What is needed
Only the lines below from the one that contains "ATTRACTIVE GEORGETTE SEQUENCE" through the one that contains "SmartStock Plastic Cutlery" should appear in your answer, exact and without pictures.

:: Record extracts

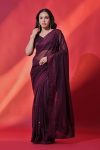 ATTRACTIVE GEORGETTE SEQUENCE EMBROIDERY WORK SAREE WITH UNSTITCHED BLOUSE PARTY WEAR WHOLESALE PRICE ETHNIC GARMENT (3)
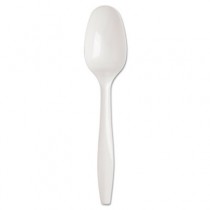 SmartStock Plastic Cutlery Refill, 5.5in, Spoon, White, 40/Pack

::::
:: Record extracts

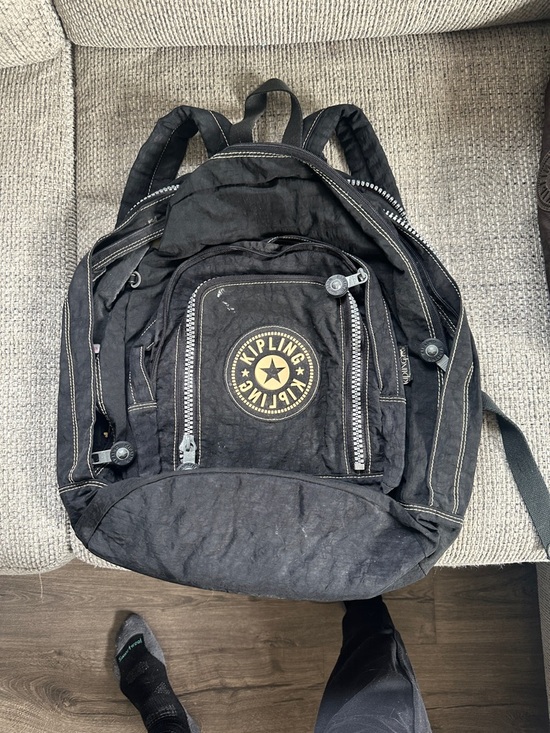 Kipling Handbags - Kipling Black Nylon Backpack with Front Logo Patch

::::
:: Record extracts

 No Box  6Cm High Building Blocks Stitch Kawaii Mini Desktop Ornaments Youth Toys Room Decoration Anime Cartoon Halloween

::::

Answer area
 ATTRACTIVE GEORGETTE SEQUENCE EMBROIDERY WORK SAREE WITH UNSTITCHED BLOUSE PARTY WEAR WHOLESALE PRICE ETHNIC GARMENT (3)
 SmartStock Plastic Cutlery Refill, 5.5in, Spoon, White, 40/Pack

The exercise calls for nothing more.